# Finding (Problem Statement) Signal in Sentence Phrasing

Here we look at intersecting (low signal) and exclusive (only in one class aka high signal) [n-grams](https://en.wikipedia.org/wiki/N-gram) of positive and negative labeled sentences.

If there are n-grams that *almost* exclusively appear in one class (0 or 1) then they could make great matching phrases either directly for classifying a sentence without using a machine learning model or just to do last-mile quality assurance and flag suspicious model decisions

In [2]:
import pandas as pd

In [8]:
df = pd.read_csv("datasets/problem_statements.csv")

In [5]:
def take_while(fn, coll):
    """Yield values from coll until fn is False"""
    for e in coll:
        if fn(e):
            yield e
        else:
            return

def partition(n, coll, step=None):
    return take_while(lambda e: len(e) == n,
        (coll[i:i+n] for i in range(0, len(coll), step or n)))

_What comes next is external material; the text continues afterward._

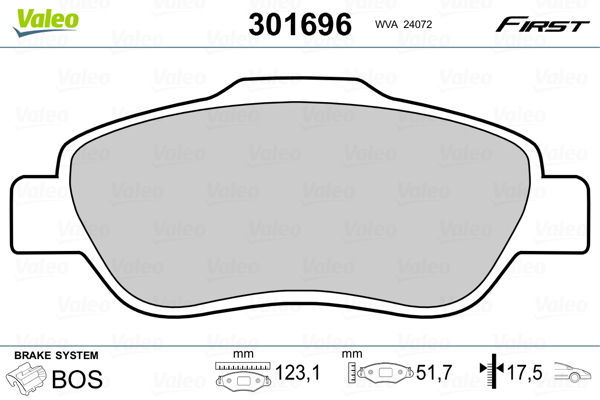 Bremsbelagsatz, Scheibenbremse Vorderachse Valeo 301696 von Valeo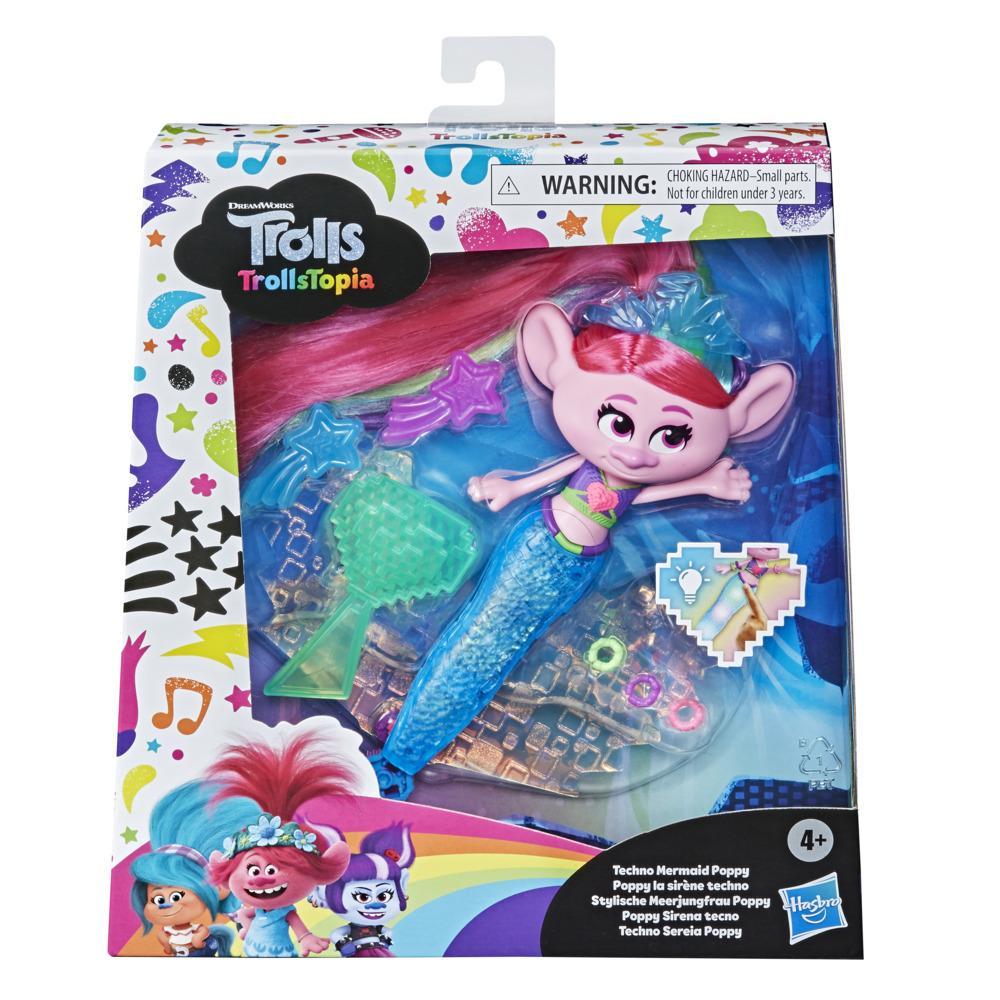 DreamWorks TrollsTopia, poupée Poppy la sirène techno, s'allume sous l'eau et hors de l'eau, pour enfants, dès 4 ans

def partition_all(n, coll, step=None):
    return (coll[i:i+n] for i in range(0, len(coll), step or n))


In [13]:
#df = df.drop(columns=["Unnamed: 0", "index", "Unnamed: 0.1", "Unnamed: 9"])

In [2]:
"The difficulty with this task lies in the fact..."

SyntaxError: unexpected EOF while parsing (<ipython-input-2-2f9c2f8c8548>, line 1)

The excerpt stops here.